*** Opening of DATA SECTION ***

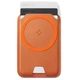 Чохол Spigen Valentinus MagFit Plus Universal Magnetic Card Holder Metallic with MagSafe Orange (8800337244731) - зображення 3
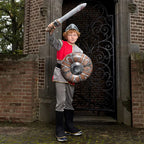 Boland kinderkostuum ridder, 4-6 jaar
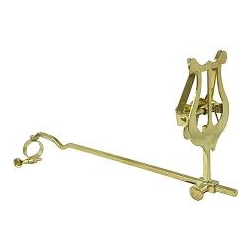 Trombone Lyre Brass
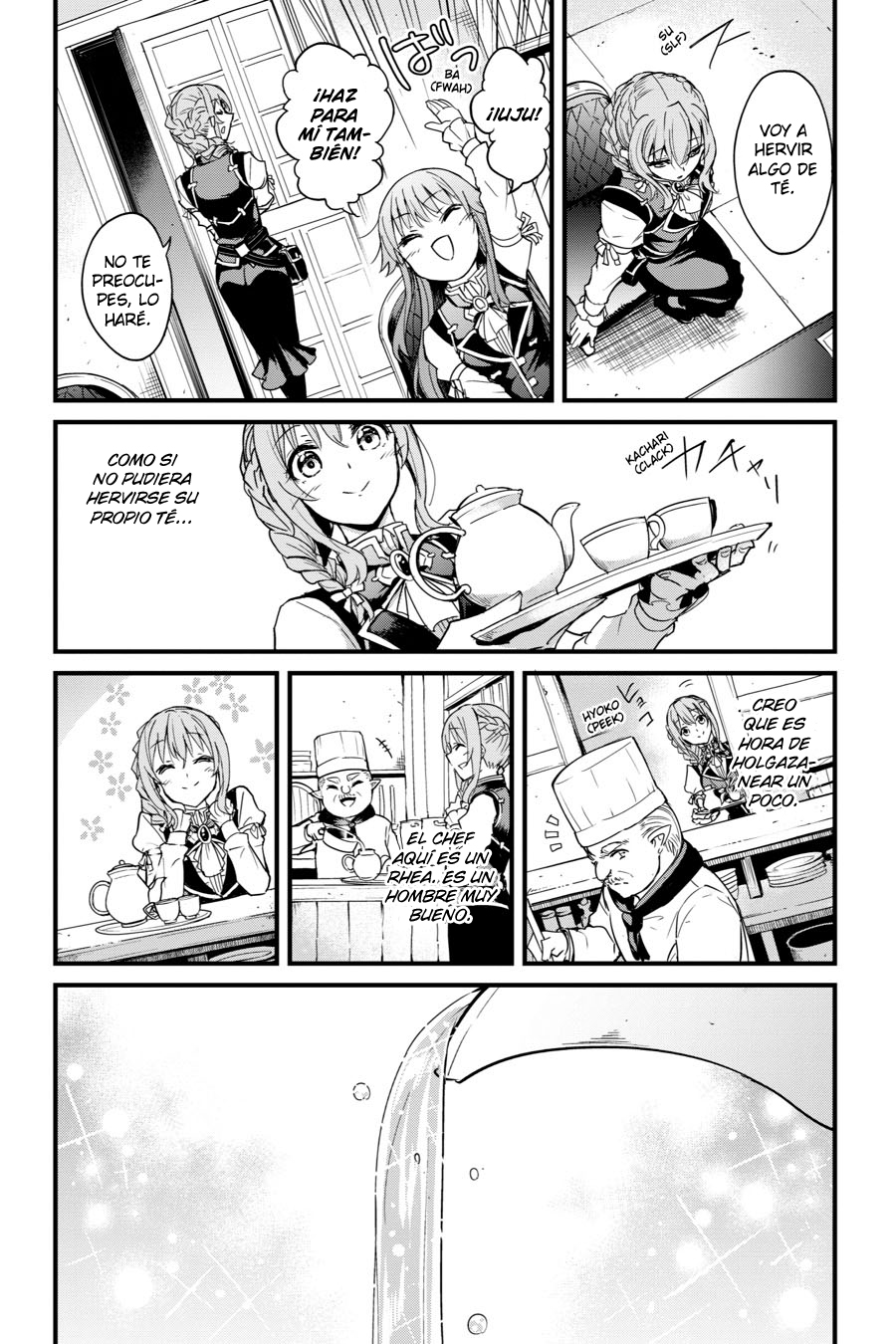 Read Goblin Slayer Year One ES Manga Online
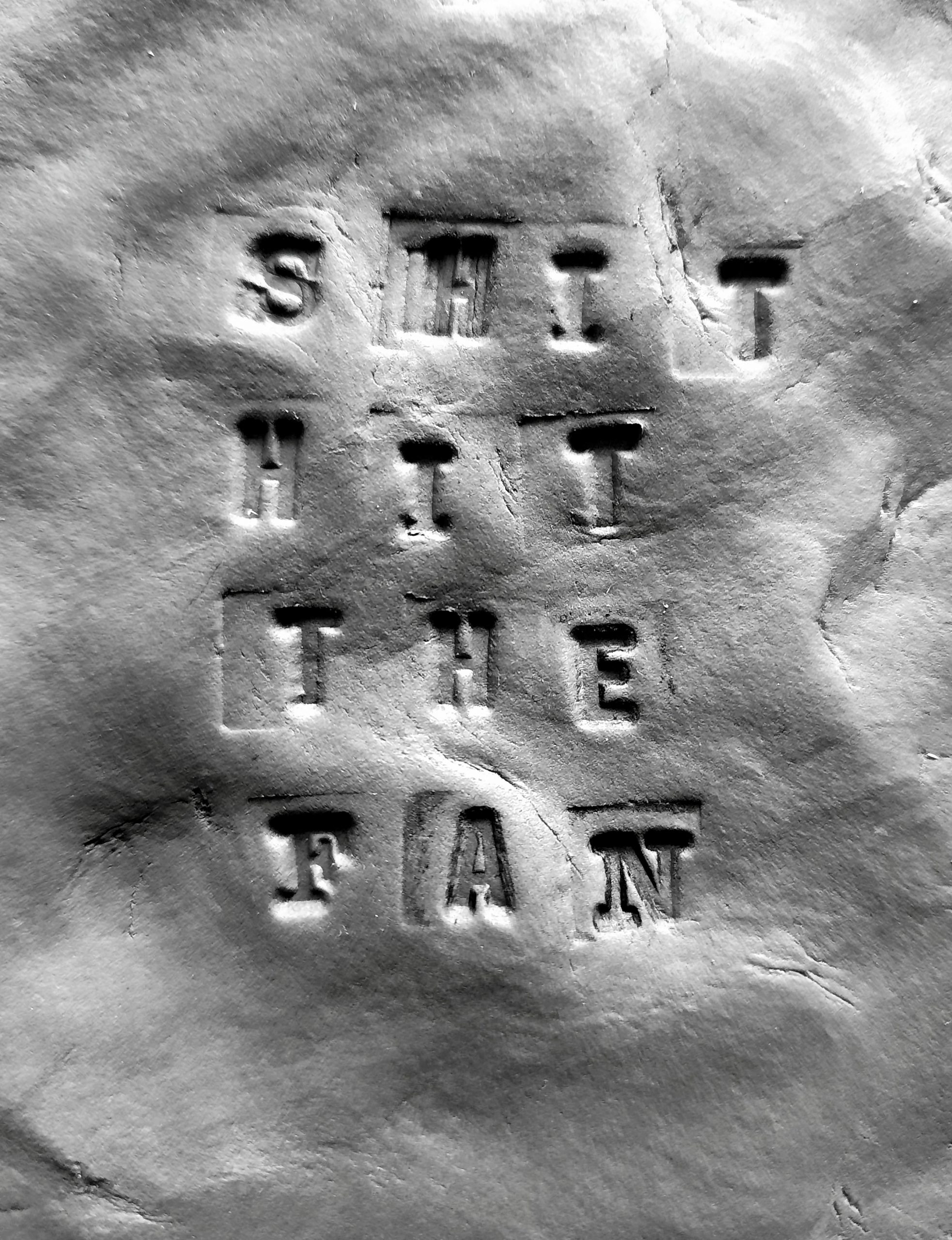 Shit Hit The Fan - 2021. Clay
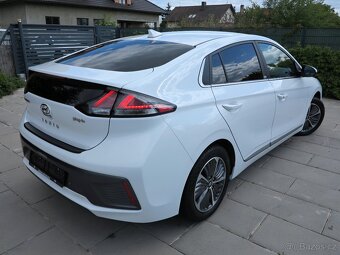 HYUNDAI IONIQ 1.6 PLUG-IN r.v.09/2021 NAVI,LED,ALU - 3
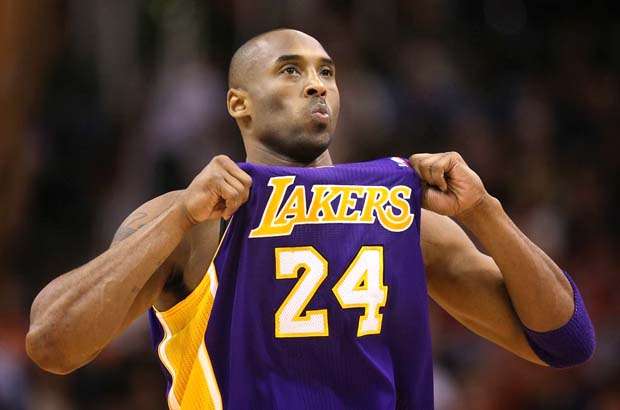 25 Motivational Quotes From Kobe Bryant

*** Close of DATA SECTION ***

** WHAT YOU SHOULD DO **
In the answer, the lines from the one containing "HYUNDAI IONIQ 1.6" to the end of the records above must be written out exactly, both ends included; the pictures must not appear.

** ANSWER SPACE **
 HYUNDAI IONIQ 1.6 PLUG-IN r.v.09/2021 NAVI,LED,ALU - 3
 25 Motivational Quotes From Kobe Bryant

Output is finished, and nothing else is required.